The Devil All The Time, voyage au bout de l’enfer américain
Adapté du roman du même nom de Donald Ray Pollock, le nouveau film d’Antonio Campos (Simon Killer), The Devil All The Time, est sorti sur Netflix depuis le 16 septembre. L’annonce d’un casting cinq étoiles et une bande-annonce assez prometteuse avaient gonflé les attentes. Mais qu’en est-il réellement ?

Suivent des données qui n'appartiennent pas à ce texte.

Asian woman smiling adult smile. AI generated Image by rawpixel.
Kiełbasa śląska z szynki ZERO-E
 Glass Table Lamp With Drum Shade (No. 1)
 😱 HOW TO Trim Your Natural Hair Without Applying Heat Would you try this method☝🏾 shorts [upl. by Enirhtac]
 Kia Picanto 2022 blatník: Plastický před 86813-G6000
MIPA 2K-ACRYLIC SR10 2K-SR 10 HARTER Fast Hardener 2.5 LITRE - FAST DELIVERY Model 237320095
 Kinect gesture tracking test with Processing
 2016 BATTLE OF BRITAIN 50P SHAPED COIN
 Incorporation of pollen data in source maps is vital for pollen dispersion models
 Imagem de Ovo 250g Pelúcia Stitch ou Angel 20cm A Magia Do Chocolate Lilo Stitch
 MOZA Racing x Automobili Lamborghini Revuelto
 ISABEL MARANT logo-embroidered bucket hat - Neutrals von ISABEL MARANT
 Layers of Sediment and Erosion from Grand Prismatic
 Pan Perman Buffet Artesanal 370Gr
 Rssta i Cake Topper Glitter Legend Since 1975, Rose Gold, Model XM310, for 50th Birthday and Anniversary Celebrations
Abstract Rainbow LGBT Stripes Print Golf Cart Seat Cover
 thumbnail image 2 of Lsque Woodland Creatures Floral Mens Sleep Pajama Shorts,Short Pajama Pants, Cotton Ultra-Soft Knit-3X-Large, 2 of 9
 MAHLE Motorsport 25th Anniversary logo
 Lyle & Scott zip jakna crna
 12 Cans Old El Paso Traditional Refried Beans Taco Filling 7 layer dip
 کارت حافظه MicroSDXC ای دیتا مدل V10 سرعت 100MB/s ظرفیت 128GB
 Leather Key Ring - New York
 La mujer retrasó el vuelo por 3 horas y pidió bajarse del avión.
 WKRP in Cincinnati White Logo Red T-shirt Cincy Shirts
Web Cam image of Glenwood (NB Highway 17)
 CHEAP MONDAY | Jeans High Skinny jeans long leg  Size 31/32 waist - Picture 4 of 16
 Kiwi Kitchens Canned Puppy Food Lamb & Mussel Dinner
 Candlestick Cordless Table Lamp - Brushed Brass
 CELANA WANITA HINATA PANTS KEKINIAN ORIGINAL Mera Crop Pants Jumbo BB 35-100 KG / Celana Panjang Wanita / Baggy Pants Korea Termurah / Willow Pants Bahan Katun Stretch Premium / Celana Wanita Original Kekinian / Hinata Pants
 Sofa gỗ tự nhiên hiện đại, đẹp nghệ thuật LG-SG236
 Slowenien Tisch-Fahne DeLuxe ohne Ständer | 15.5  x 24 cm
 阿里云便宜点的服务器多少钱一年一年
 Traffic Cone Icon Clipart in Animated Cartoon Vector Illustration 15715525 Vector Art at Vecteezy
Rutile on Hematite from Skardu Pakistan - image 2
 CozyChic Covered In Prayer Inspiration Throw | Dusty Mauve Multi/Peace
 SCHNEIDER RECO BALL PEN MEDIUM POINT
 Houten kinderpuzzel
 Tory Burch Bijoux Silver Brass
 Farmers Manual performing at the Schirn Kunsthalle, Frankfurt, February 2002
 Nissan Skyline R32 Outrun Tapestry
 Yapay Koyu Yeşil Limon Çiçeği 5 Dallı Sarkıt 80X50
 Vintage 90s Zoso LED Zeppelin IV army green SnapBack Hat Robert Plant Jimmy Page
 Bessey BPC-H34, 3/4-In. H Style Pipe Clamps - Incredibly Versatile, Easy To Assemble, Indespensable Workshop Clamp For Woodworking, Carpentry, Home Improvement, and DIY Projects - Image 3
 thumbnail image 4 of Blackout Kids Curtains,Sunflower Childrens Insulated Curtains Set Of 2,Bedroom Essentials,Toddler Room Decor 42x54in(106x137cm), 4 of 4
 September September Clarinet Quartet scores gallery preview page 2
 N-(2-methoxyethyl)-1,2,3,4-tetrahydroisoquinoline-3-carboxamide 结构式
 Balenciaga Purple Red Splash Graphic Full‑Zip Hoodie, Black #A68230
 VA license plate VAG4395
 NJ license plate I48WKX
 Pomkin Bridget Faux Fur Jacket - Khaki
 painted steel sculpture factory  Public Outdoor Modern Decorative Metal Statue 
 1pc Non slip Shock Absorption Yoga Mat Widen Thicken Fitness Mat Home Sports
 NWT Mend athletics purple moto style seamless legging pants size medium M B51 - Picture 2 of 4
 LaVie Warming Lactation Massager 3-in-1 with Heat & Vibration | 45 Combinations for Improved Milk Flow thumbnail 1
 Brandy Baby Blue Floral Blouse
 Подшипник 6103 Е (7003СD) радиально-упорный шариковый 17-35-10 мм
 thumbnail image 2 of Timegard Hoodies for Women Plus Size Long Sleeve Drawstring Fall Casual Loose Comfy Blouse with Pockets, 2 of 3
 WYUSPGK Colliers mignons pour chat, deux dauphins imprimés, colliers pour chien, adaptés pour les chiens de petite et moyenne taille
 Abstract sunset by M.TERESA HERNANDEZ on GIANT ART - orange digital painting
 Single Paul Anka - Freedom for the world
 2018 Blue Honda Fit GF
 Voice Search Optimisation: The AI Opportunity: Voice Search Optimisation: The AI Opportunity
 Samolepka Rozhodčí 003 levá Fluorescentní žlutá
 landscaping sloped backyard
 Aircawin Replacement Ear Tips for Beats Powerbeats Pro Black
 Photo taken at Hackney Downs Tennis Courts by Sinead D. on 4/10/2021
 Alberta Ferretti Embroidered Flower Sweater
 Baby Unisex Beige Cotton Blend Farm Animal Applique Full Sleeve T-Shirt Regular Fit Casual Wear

Émergeant du Southern Gothic, cheminant dans une Amérique profonde pervertie par la violence et la religion, le roman de Pollock relevait de la densité inadaptable. Une folie, une richesse et des ambitions trop grandes pour rendre possible une mise à l’écran fidèle en seulement deux heures de temps.
Assez peu original
Et il faut conclure que ces craintes se vérifient bien, en partie du moins. Car The Devil All The Time n’est malheureusement rien de plus qu’une belle redite de toutes ces références. Il n’invente ou ne réinvente rien, n’allant jamais plus loin que ce qui avait déjà été fait. Le film nous balance beaucoup de situations techniquement irréprochables, mais finalement très convenues. Il ne surprend presque jamais et, en ce sens, peine à partager ses émotions. Alors que le récit traverse presque 20 années, parcourant les générations, il ne convainc pas totalement et manque cruellement d’ampleur jusqu’à en devenir oubliable. De plus, tout le propos autour de l’inéluctabilité de nos actes arrive bien trop tard pour prendre forme.
Indéniablement soigné
Pour autant, il n’en reste pas moins un bon film. Car s’il y a une qualité qu’on ne peut pas lui enlever, c’est bien la minutie de sa construction. La réalisation de Campos immerge impeccablement dans cette atmosphère poisseuse, à la végétation aussi belle que trompeuse. L’auteur prend un malin plaisir à disséminer une foule de détails symboliques qui élèvent toute la dimension du récit. Celui-ci ne tombe d’ailleurs jamais dans les écueils habituels des flashbacks, tout est très fluide et la voix-off bien utilisée.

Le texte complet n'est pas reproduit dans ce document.